I got big news today. Bad news when looking at the short term, hopeful and positive when looking farther into the future. Right now I’m mostly fucking irritated.

The company I work for is dissolving my department. Based on the severance package I received I have around 100 days left before my position is gone. There is a chance I’ll be able to move into another department and stay with the company, but nearly 100 of my coworkers are also looking for jobs. As well as anyone else who wants to change roles, get into the business, whatever. The head of the company (at minimum, probably more) have known about this for a long time and yet we were only told about it today. That’s the part I find most frustrating- I should have been told, in definite terms, to start seriously looking MONTHS ago. I know very few companies that hire within 100 days of receiving an application so there is a chance I’ll be without a job come February.

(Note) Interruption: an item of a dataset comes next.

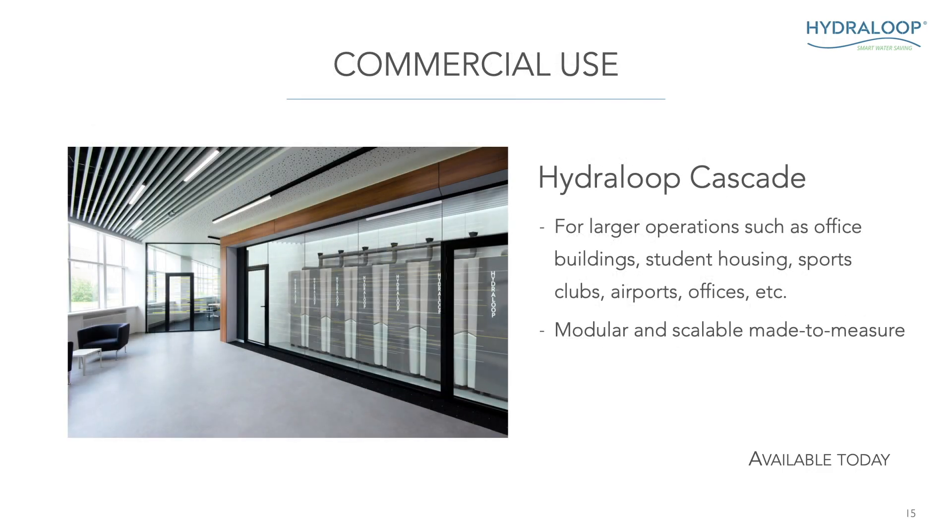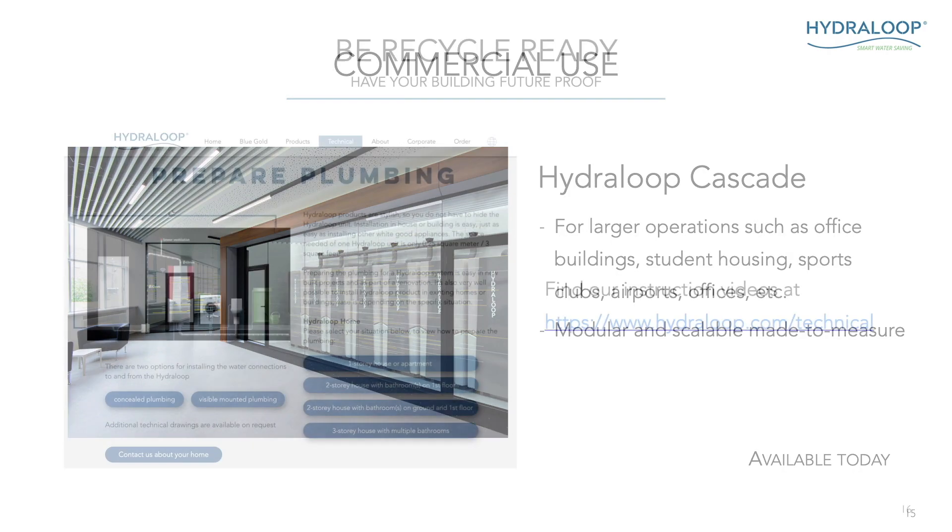With the HydroLoop Cascade, we can do much larger operations — office buildings, student housing. We just did a student flat with 350 students living there; we recycle all their water in the basement and it gets reused for toilet flushing, saving millions and millions of liters of water. These are the two products — the H600 and Cascade — that we came out with at CES this year. That was our global launch again.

I’ve been working on Dave Ramsey’s Seven Baby Steps so I have plenty in savings to cover me for several months if I need it. I have an INCREDIBLE network of friends who rallied around me today and let me vent and endlessly bitch while they brought me lunch or Boba tea. Today has made me realize what a great tribe I have and for that I’ll always be thankful.

During the Last 90 Days livestream this morning someone said a setback is just a set up. I really liked that. I’m using this news to mark this day as a setback that will motivate me into really getting my shit together about a new job. I don’t want to leave my current city (I live 20 minutes from the beach. Can you blame me??) and that has held me back from possible jobs that are further inland. This city is small as it is and after today, it feels absolutely tiny.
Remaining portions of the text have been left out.